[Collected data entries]
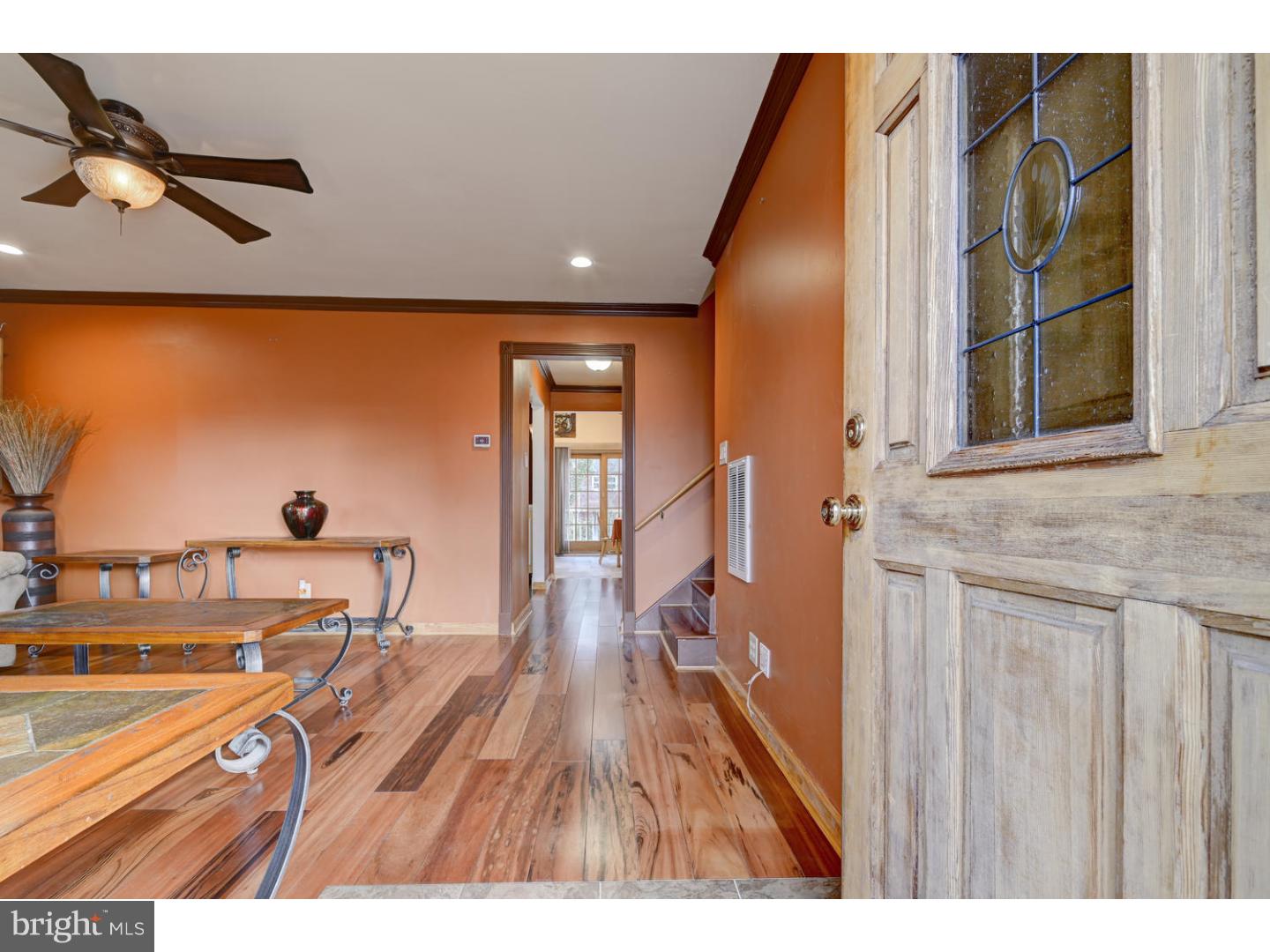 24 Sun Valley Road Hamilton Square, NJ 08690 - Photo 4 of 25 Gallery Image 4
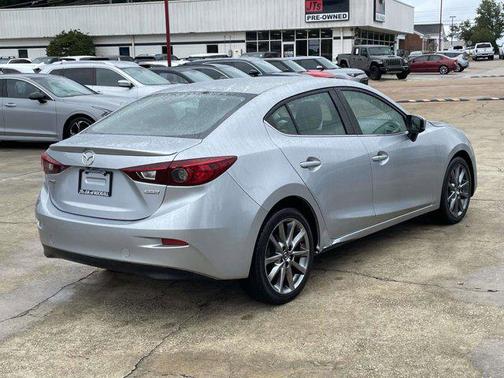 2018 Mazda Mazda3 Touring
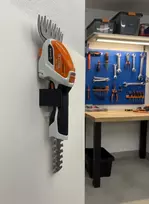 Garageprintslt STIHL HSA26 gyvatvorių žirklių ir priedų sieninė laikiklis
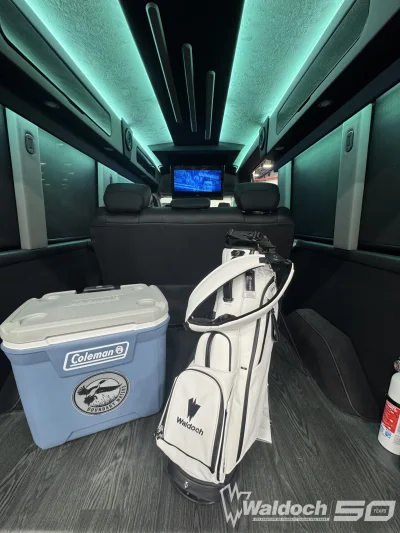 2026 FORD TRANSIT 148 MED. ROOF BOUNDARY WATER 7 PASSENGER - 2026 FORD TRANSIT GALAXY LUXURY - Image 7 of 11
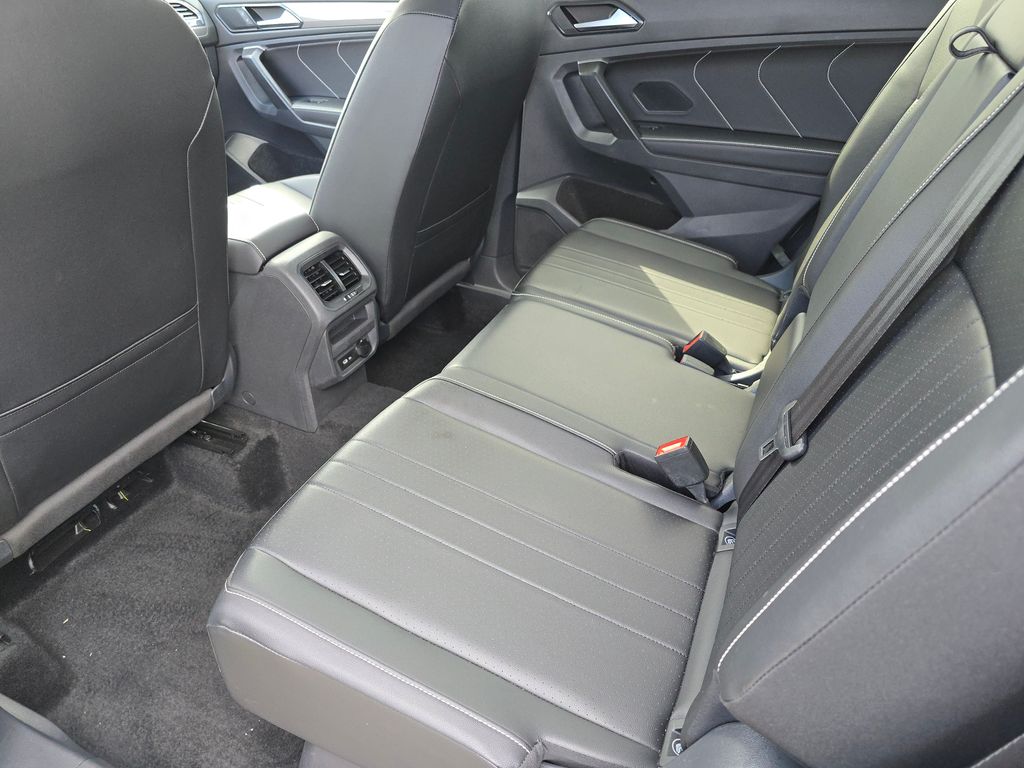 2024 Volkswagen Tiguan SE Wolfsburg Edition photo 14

Directions =
Print the entries above exactly, taking out only the pictures.

Written answer =
 24 Sun Valley Road Hamilton Square, NJ 08690 - Photo 4 of 25 Gallery Image 4
 2018 Mazda Mazda3 Touring
 Garageprintslt STIHL HSA26 gyvatvorių žirklių ir priedų sieninė laikiklis
 2026 FORD TRANSIT 148 MED. ROOF BOUNDARY WATER 7 PASSENGER - 2026 FORD TRANSIT GALAXY LUXURY - Image 7 of 11
 2024 Volkswagen Tiguan SE Wolfsburg Edition photo 14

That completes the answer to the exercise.